Vers 3 ou 4 heures du matin, à une dizaine de milles nautiques de la côte, les LVT étaient mis à l’eau dans la nuit noire. Ils partaient en colonne par un, chacun se guidant sur les discrets feux de ratière du précédent. Dépourvu de tout instrument de navigation, le LVT de commandement, en tête, était guidé par radar depuis le LST, avec report de la route suivie sur table traçante. Les indications qui lui étaient données par radio depuis le LST, suivant un code convenu, étaient très brèves, pour déjouer une éventuelle écoute viêt.
Juste avant l’aube, les LVT « beachaient » et se disposaient rapidement pour former une tête de pont. Le LST, qui avait suivi à distance à vitesse réduite, tous feux éteints, venait à la plage à son tour et mettait à terre les Crabes.
Les pelotons de Crabes partaient alors en direction de leurs objectifs, qui avaient été repérés au préalable par reconnaissance aérienne. Il s’agissait en général de PC locaux ou de camps d’entraînement où nous jouions de l’effet de surprise pour prendre des prisonniers ou nous emparer de documents. Dès que le résultat recherché était atteint, les Crabes rembarquaient avec le produit de leur chasse, le LST « débeachait » et les LVT, qui gardaient jusqu’au bout leur tête de pont, rembarquaient les derniers, en mer.
Les renseignements ainsi obtenus furent, paraît-il, précieux pour le Commandement, sans influer, hélas, de façon notable, sur l’issue finale du conflit.
En guise de conclusion
Le combat du 27 novembre 1953 décrit ci-dessus eut un épilogue curieux. De retour à Nom Dinh, quelques jours après, le lieutenant de Bressy, chef du peloton LVT du 13e Escadron, rédigea et envoya un compte-rendu de perte pour le LVT obusier détruit au combat.
A son grand étonnement, il reçut en retour un « état estimatif du matériel perdu », se montant à vingt millions de francs, soit un nombre indéterminé de mois de solde d’un lieutenant.
Toutefois arriva – plusieurs mois après – une décision d’imputation à la charge de l’Etat de ladite somme.
Raison de cette mesure magnanime : il s’agissait, paraît-il, d’un « cas fortuit ».

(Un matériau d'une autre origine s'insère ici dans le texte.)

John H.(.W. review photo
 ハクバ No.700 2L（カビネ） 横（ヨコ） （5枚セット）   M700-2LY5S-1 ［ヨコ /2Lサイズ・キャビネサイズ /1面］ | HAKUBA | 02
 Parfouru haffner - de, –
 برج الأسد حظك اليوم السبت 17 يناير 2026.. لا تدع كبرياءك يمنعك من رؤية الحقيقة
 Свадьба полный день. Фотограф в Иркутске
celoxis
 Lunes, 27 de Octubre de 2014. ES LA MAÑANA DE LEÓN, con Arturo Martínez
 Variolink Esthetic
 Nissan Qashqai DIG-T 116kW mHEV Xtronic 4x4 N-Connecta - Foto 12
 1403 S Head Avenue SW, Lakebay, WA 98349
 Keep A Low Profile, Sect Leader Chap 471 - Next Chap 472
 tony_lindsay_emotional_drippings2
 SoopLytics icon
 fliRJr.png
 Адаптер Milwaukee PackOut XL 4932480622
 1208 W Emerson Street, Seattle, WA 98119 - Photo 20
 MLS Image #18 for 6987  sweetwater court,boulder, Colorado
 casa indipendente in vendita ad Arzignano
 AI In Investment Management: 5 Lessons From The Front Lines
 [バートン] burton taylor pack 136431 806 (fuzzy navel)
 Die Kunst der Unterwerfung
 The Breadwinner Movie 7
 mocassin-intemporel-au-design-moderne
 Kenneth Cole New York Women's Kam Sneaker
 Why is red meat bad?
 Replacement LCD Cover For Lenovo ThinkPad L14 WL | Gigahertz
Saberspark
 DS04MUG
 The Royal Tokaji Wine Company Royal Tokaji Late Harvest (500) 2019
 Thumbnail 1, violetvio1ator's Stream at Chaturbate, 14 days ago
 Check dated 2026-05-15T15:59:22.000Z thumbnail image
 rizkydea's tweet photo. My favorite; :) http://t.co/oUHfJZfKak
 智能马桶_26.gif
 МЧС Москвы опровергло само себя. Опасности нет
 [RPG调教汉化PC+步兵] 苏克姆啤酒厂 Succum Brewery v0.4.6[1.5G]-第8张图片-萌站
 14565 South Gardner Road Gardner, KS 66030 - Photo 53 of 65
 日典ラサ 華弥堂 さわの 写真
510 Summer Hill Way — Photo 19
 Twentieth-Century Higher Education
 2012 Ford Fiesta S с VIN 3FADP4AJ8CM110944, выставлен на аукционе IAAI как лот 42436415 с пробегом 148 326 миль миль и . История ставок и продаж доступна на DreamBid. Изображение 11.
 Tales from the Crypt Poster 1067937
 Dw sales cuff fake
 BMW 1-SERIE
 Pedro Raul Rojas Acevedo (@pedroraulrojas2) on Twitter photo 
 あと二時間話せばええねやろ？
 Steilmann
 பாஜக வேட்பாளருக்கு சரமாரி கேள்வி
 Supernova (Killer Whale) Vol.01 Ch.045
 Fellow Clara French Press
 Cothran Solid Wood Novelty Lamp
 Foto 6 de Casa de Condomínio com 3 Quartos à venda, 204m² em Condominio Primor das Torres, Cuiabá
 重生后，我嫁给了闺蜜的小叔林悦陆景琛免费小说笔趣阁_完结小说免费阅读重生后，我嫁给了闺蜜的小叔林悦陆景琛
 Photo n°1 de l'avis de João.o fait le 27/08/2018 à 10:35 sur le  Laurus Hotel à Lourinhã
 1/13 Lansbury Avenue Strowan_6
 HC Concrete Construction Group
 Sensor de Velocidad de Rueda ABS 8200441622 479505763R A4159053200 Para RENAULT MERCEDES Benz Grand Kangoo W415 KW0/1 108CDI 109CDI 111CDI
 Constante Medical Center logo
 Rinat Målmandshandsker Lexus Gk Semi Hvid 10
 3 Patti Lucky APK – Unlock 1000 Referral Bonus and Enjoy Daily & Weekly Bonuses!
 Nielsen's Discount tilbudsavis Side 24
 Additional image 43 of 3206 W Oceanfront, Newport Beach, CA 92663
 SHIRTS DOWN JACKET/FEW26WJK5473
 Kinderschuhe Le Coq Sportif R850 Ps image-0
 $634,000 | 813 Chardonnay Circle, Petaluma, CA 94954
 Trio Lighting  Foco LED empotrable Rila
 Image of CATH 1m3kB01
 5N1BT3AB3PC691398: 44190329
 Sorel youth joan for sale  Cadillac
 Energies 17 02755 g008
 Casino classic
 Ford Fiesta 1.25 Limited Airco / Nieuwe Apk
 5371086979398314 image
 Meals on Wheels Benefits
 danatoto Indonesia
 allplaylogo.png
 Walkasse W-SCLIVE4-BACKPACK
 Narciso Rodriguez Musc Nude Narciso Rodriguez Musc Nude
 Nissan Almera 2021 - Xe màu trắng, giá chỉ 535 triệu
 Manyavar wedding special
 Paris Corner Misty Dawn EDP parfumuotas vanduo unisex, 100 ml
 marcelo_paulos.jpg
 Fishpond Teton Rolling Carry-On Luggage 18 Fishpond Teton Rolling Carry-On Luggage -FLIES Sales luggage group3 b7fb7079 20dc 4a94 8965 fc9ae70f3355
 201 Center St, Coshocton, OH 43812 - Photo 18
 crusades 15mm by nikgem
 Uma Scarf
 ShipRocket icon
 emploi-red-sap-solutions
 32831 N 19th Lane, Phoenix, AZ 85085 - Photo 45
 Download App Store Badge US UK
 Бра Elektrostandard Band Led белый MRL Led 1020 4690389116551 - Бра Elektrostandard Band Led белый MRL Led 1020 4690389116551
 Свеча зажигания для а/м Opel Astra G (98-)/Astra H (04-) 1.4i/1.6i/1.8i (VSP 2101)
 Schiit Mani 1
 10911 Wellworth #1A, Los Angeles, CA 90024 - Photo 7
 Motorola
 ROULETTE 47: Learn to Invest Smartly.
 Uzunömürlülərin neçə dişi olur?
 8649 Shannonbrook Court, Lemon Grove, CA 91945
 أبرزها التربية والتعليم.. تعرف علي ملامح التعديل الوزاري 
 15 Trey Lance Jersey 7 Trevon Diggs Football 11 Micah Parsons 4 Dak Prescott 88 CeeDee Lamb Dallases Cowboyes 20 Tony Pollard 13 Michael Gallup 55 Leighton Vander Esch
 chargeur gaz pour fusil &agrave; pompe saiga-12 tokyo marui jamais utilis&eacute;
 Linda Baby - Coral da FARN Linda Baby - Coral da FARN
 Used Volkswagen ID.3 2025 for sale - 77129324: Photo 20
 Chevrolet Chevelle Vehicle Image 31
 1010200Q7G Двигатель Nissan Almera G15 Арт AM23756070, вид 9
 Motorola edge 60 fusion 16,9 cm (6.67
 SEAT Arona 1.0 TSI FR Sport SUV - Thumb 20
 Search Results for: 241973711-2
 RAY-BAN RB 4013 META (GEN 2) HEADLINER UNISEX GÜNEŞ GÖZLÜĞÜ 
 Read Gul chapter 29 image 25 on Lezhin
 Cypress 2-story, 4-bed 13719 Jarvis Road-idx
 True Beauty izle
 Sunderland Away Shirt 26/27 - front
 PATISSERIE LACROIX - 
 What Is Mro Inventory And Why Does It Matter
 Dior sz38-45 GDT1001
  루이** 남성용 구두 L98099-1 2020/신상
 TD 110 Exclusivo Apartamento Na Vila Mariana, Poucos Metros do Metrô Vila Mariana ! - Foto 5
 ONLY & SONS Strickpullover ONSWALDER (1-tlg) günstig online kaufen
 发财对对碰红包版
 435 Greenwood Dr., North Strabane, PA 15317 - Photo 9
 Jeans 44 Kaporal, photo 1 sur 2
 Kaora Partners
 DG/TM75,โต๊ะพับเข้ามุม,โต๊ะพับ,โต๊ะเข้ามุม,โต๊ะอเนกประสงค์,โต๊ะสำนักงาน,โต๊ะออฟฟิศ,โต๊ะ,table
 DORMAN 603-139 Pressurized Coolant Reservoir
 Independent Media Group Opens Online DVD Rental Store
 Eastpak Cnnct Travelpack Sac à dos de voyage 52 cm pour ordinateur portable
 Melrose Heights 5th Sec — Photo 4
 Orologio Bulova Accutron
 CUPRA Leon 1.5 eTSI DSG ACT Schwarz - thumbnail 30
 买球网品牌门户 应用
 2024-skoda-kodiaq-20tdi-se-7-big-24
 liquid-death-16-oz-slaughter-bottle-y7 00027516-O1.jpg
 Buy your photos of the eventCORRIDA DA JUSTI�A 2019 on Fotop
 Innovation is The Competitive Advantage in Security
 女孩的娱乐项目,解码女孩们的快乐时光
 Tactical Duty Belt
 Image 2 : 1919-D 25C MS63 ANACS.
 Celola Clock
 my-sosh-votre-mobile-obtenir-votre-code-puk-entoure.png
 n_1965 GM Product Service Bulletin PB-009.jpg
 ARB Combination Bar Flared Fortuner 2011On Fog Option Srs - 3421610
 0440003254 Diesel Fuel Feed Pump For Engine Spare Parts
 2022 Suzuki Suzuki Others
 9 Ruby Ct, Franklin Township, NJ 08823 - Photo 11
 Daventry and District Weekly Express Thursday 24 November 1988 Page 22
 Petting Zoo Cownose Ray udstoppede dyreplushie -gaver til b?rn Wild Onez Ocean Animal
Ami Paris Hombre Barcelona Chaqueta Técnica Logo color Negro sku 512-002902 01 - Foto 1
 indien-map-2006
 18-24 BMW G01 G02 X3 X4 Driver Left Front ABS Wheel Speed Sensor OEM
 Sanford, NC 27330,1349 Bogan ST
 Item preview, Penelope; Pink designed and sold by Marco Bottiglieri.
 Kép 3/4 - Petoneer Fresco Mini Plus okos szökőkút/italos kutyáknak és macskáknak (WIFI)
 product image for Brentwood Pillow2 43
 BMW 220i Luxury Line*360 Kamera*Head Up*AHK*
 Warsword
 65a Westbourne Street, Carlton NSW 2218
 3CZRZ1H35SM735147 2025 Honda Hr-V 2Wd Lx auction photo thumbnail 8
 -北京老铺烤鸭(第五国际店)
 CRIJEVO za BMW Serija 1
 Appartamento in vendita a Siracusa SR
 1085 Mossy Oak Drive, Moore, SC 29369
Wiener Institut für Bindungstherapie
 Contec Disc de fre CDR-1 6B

Ainsi, un combat de plusieurs heures, qui avait engagé des unités terrestres, navales et aériennes de nos trois armées contre une unité régulière d’une division viêtminh, qui avait fait dans nos rangs une dizaine de morts – dont un officier – ainsi que de nombreux blessés et causé la mort d’un nombre inconnu de combattants viêts, tout cela n’était en définitive qu’un « cas fortuit ».
Ainsi ce fut peut-être fortuitement, par hasard, que nous sommes allés faire la guerre à l’autre bout du monde, et que tant de nos camarades y ont laissé la vie…
Général (2S) Bernard de Bressy, ancien chef de peloton LVT
1. Le surnom américain était « Water Buffalo » (Buffle). LVT : Landing Vehicle Tracked (Véhicule de débarquement chenillé).
2. Ou peut-être était-ce l' »Arromanches » ? Les souvenirs de l’auteur sont peu précis sur ce point.